Le poème est d’une remarquable richesse au niveau de la thématique. Nous allons les citer très rapidement: la misère, le chagrin, l’errance, l’amour de l’indépendance, le rêve d’un bel avenir pour le fils resté dans le patelin, l’étonnement du père face au progrès réalisé par le pays d’accueil, incitation de son fils à s’engager dans la voie de la connaissance, autoportrait du père: tête chenue, visage émacié et décrépit, espoir du père et optimisme en l’avenir, invitation du fils à être jaloux de son pays, bannissement de l’exil, invocation finale et vœux d’être inhumé dans son village natal. Tels sont les thèmes de Yat tabrat, ils méritent une analyse plus profonde. D’où la vision prophétique du poète qui a déjà entrevu le danger du déracinement et de l’immigration bien avant qu’elle devienne illégale ou clandestine.
Bien que le discours poétique et le discours historique soient diamétralement opposés; le premier utilise le temps du présent et le pronom je qui appartient au discours; le second utilise le passé simple et le pronom il qui appartiennent tous les deux au temps du récit, Azaykou a excellé dans leur utilisation, même si la poésie privilégie la subjectivité et l’histoire relève de l’objectivité.
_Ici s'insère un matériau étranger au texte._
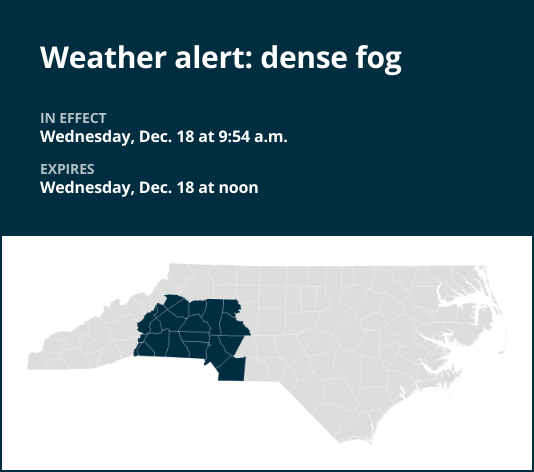 Update: Be ready for dense fog in central North Carolina until Wednesday midday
La subjectivité et l’objectivité de Azaykou sont saines, elles convergent vers un même but: creuser profondément pour faire la lumière, toute la lumière sur la culture amazighe.
Le moment est venu pour que la culture amazigh accède au statut de patrimoine reconnu dans la vie quotidienne de la Nation marocaine et d’en finir avec toute marginalisation. Hommage donc est rendu à un homme de cette trempe qui a lutté et qui a milité sur tous les fronts.
Notes:
1 Ces indications biographiques sont glanées dans des journaux nationaux Agraw amazigh,no 131, sept. 2004 ; le Monde amazigh, no 50, oct. 2004 - 2954 et Tawiza,no 90, oct.2004.
2 Cette époque fut précédée d’une autre, ce fut la censure d’œuvres littéraires comme Le Passé simple Driss Chraïbi et Agadir de Mohammed Khaïr – Eddine.
3 fi sabiili mafhumin àaqiqiyyin li Ãaqafati-an al waéaniyya « Pour un concept réel de notre culture nationale ».
4 La laïcité ne fut pas encore instaurée comme valeur sacrée de la République.
5 Ceci est une traduction des paragraphes de l’article en question, de l’arabe vers le français.
6 Histoire du Maroc ou les interprétations possibles (en arabe et en français), Centre Tarik Ibn Zyad, 2001.
7 Histoire du Maroc, op. cit. p. 20.
8 Il rejoint ainsi une réflexion qui celle de L. – J. Calvet, Linguistique et colonialisme. Petit traité de glottophagie, Petite bibliothèque Payot, 1974.
9 Les deux recueils de l’auteur sont introuvables même dans les grandes librairies de la ville de Tanger.